Esto demanda no sólo dar apoyo a estas organizaciones en tiempos de crisis, cuando ya enfrentan grandes dificultades para servir a sus comunidades, sino también invertir en su crecimiento a largo plazo, que es una inversión en mantener una ciudadanía activa preparada para hacer frente a futuras emergencias. Por ejemplo, la dirigencia democrática debe reforzar los mecanismos de protección que proveen a activistas en riesgo apoyo legal, médico, psicosocial, de seguridad digital y para la reubicación, con particular énfasis en aquellos programas que operan donde se están produciendo ataques regionales y nacionales a la sociedad civil. Es una de las formas más efectivas que tienen los estados para dar apoyo a quienes arriesgan sus vidas para defender la democracia.

Para finalizar, la dirigencia debe congregarse en torno de la causa democrática compartida y trabajar codo a codo en alianzas multisectoriales y multilaterales. Los gobiernos, el sector filantrópico, el sector privado y la sociedad civil tienen una oportunidad para poner sus fortalezas exclusivas al servicio de la expansión del espacio cívico usando como punto de partida las deliberaciones de la cumbre. Al fin y al cabo, la mejor protección para el espacio cívico es un espacio cívico más amplio y poblado de ciudadanos comprometidos y conectados, con recursos, protecciones y poder para defender sus derechos y medios de vida.

La ciudadanía comprometida puede ser un motor de transformación. En Moldavia y en Malasia, por ejemplo, las organizaciones de la sociedad civil ayudaron este año a derogar leyes de «estado de emergencia» represivas y prevenir una peligrosa erosión de las instituciones democráticas.
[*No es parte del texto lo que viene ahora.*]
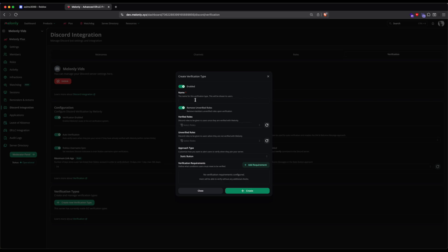Then, enter the name, in my case it will be Verification. While optional, it's recommended to have Verification Roles and Unverified Roles. If you don't have these, go to your Discord server and create them. Usually, Unverified users have no access other than the Verifications channel. Once you've made the roles, you can click the Refresh button next to the drop-down menu.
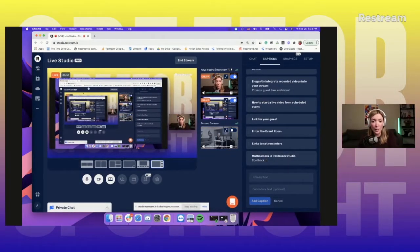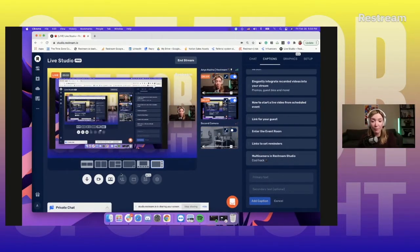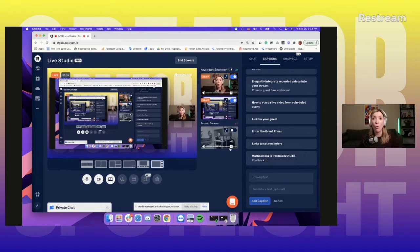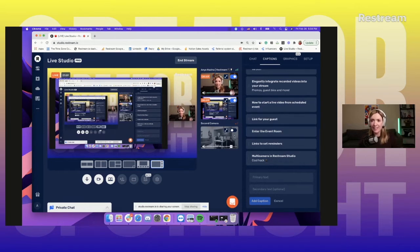First, I'm going to start with entering my live studio and clicking on invite guests. I can copy this link from here and send it to myself. Then I can join my stream from a different device — it could be a different computer or your mobile. And then once you do that, your guest or your alternative camera is going to appear right here.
Y a mediados de 2020, millones de personas participaron en las protestas de Black Lives Matter, que han sido probablemente el mayor movimiento de masas de la historia estadounidense.

Cualquiera sea el origen de la lucha o las distancias que atraviesa, cuando las personas se reúnen en forma pacífica para defender sus derechos humanos fundamentales, se produce un progreso enorme hacia la dignidad, la equidad y la justicia universales. De Jartum a Kuala Lumpur, debemos proteger y promover ese progreso, con las palabras y con los hechos, y garantizar su perdurabilidad para las generaciones futuras.